Requirement
Find the line containing "Red Moka pot" in the entries below. Restate it and each line after it, word for word, up to and including the line containing "A masked man".
--- Input data Enclosed Below ---
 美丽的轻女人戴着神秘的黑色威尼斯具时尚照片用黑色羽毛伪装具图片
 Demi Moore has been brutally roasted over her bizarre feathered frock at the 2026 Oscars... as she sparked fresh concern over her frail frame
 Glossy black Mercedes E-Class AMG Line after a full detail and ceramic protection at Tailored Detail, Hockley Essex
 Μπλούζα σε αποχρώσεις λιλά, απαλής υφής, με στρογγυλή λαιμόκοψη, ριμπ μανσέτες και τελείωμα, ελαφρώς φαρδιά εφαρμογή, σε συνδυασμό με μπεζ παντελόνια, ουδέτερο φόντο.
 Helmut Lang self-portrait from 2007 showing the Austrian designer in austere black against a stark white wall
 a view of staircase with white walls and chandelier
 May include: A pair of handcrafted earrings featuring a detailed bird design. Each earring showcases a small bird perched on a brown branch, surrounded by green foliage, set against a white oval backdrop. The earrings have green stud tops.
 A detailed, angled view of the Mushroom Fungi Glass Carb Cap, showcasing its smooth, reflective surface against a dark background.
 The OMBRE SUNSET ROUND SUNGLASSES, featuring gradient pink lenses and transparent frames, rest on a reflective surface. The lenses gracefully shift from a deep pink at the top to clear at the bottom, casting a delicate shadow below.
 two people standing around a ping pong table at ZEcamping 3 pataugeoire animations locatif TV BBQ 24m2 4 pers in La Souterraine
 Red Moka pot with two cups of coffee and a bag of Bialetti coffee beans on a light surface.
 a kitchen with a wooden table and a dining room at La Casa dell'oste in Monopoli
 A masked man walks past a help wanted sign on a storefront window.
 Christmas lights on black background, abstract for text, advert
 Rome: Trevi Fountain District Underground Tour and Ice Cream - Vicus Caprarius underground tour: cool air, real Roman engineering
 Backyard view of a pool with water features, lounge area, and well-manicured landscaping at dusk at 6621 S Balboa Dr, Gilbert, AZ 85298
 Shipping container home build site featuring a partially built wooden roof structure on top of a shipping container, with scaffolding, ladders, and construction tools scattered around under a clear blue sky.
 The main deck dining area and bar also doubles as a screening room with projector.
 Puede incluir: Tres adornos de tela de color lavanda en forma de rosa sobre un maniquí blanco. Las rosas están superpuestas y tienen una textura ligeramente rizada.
--- End of Enclosed Input data ---
Your solution
 Red Moka pot with two cups of coffee and a bag of Bialetti coffee beans on a light surface.
 a kitchen with a wooden table and a dining room at La Casa dell'oste in Monopoli
 A masked man walks past a help wanted sign on a storefront window.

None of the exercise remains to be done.